_Work to be completed_. Find the line containing "Floral Fanny Pack, Flower" in the entries below. Restate it and each line after it, word for word, up to and including the line containing "NBA Scottie Pippen".

_Record excerpts_.
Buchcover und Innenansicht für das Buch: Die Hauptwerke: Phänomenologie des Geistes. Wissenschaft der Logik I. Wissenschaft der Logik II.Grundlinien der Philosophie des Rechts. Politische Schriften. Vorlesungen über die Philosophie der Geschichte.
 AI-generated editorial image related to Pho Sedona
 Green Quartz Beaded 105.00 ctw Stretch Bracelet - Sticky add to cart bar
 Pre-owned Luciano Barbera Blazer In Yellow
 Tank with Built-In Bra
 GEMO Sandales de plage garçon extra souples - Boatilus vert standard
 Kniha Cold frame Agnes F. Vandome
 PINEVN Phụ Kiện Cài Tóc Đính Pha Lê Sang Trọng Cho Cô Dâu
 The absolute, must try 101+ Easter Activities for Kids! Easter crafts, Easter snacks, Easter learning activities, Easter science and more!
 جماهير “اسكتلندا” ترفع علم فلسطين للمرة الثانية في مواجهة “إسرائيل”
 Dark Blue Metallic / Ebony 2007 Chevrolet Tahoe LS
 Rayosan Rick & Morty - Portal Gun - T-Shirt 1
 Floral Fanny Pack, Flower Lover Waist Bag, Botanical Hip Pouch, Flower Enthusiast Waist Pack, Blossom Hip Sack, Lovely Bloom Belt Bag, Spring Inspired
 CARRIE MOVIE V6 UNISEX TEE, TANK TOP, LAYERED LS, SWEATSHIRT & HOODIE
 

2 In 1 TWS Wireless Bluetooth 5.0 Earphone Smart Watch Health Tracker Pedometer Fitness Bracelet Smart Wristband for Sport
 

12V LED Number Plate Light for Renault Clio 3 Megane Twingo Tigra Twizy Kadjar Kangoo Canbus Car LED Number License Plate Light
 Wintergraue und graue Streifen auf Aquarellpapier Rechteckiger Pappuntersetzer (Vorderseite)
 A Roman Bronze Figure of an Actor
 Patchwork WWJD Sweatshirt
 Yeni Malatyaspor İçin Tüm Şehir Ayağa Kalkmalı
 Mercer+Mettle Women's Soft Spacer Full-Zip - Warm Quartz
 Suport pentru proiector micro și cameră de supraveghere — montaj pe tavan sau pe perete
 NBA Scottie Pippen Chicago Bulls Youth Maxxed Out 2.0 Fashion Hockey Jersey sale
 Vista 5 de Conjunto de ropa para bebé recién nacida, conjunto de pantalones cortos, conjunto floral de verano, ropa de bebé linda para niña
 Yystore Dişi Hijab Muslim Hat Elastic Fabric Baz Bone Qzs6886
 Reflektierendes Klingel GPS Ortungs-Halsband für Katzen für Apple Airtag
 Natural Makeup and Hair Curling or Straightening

_Answer space_.
 Floral Fanny Pack, Flower Lover Waist Bag, Botanical Hip Pouch, Flower Enthusiast Waist Pack, Blossom Hip Sack, Lovely Bloom Belt Bag, Spring Inspired
 CARRIE MOVIE V6 UNISEX TEE, TANK TOP, LAYERED LS, SWEATSHIRT & HOODIE
 

2 In 1 TWS Wireless Bluetooth 5.0 Earphone Smart Watch Health Tracker Pedometer Fitness Bracelet Smart Wristband for Sport
 

12V LED Number Plate Light for Renault Clio 3 Megane Twingo Tigra Twizy Kadjar Kangoo Canbus Car LED Number License Plate Light
 Wintergraue und graue Streifen auf Aquarellpapier Rechteckiger Pappuntersetzer (Vorderseite)
 A Roman Bronze Figure of an Actor
 Patchwork WWJD Sweatshirt
 Yeni Malatyaspor İçin Tüm Şehir Ayağa Kalkmalı
 Mercer+Mettle Women's Soft Spacer Full-Zip - Warm Quartz
 Suport pentru proiector micro și cameră de supraveghere — montaj pe tavan sau pe perete
 NBA Scottie Pippen Chicago Bulls Youth Maxxed Out 2.0 Fashion Hockey Jersey sale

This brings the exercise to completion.